很多人會在這個時期忽然意識到,自己已經快把高一學的知識忘光了,於是開始焦頭爛額地複習。
可是高一學的知識量是那麼巨大,一時半會是補不起來的,必須要有科學的計劃和持續不斷的執行力,與此同時又要消化現在學的東西……
最終的結果便是,只有極少數人能穩步走出這個時期。

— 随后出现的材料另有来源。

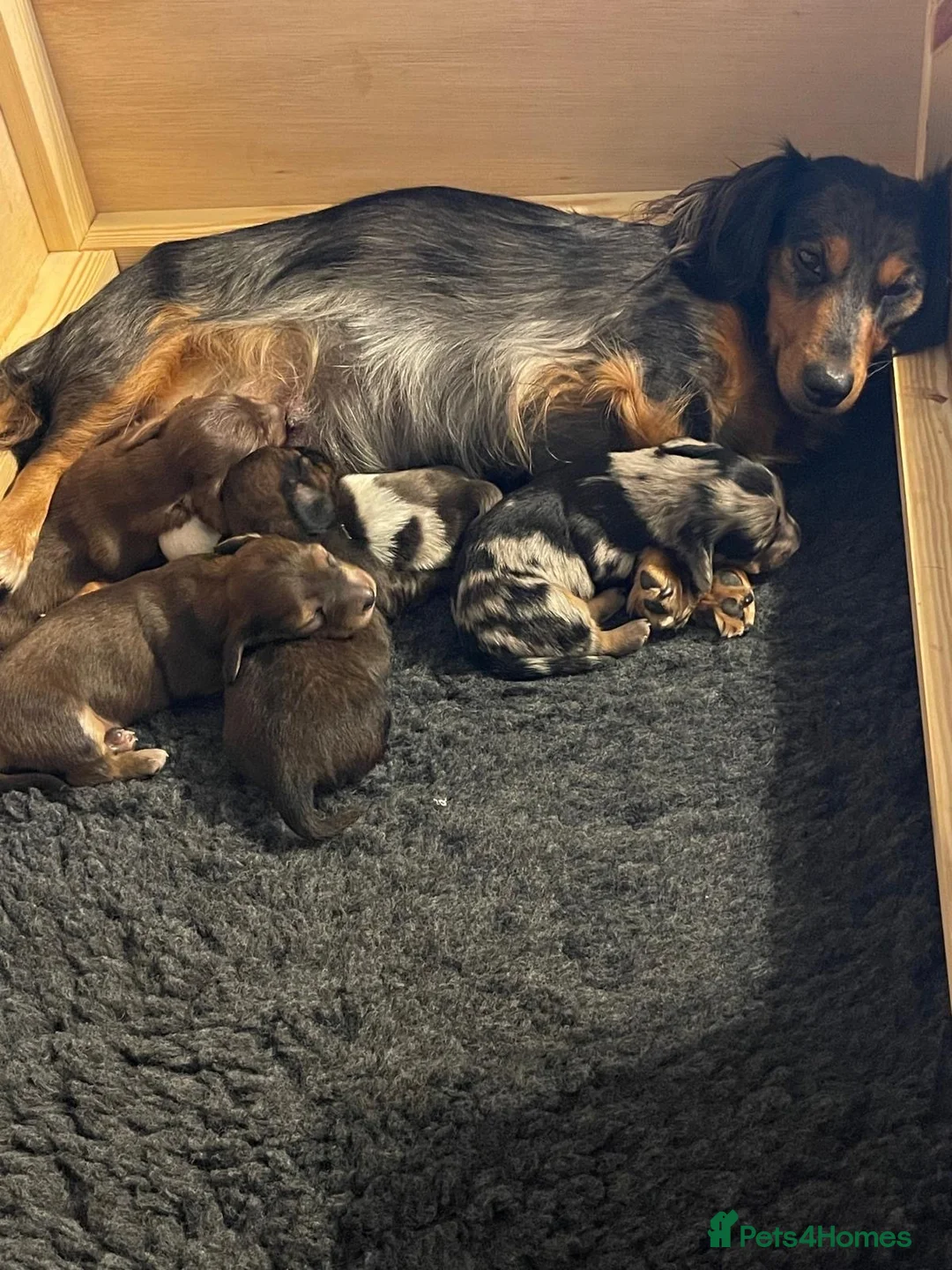 Dachshund dogs for sale: Miniature longhair dachshunds for sale - Advert 20
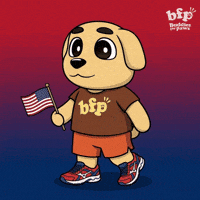 Jumping American Flag GIF by Buddies for Paws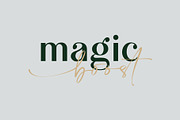Calton Elegance | Font Duo, a Handwritten Font by Lemonthe (Thumbnail 5 of 8)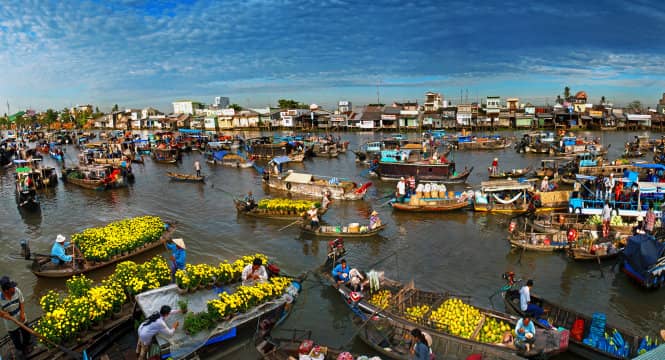 The bustle of Cai Rang Floating Market.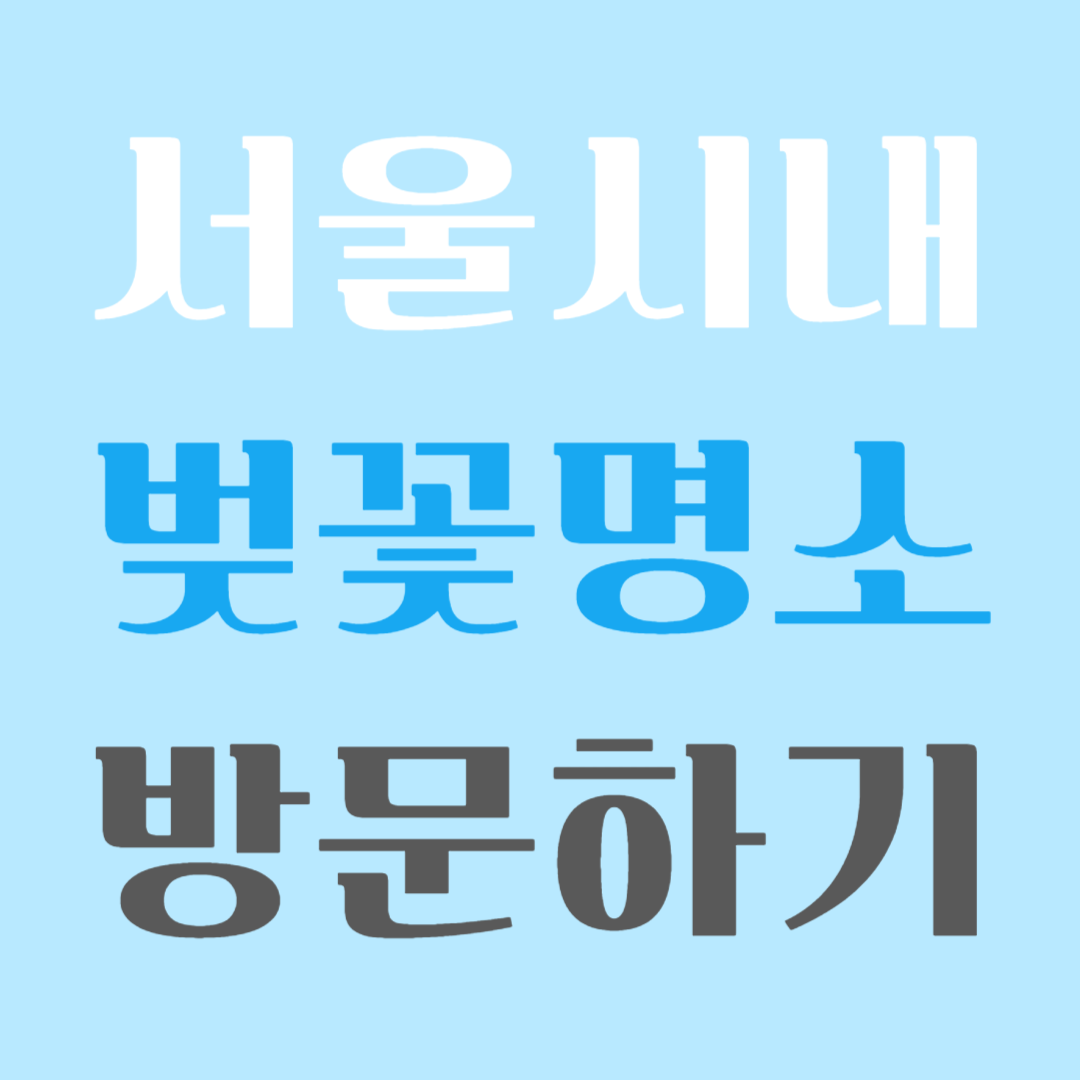 서울 벚꽃명소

大多數人的成績則會下降,在未來的一段時間內,也很難再考到出彩的成績。
考場上,開始考試鈴聲驟然敲響,陳緣知拿起筆翻開試卷,水潭般眼眸閃過一片雪白的反光。
但陳緣知卻是例外。
她從很早之前便開始了這場長途跋涉,以至於此刻,她已經準備得足夠充分。
紙筆相觸的沙沙聲如春蠶食葉,在寂靜到落針可聞的考場裡漸漸漫開。
……
三天的時間,六科考試都順利地結束了。
最後一科生物考完的時候,陳緣知走出考場門,隔著一條走廊的人潮洶湧,一眼看到了許臨濯。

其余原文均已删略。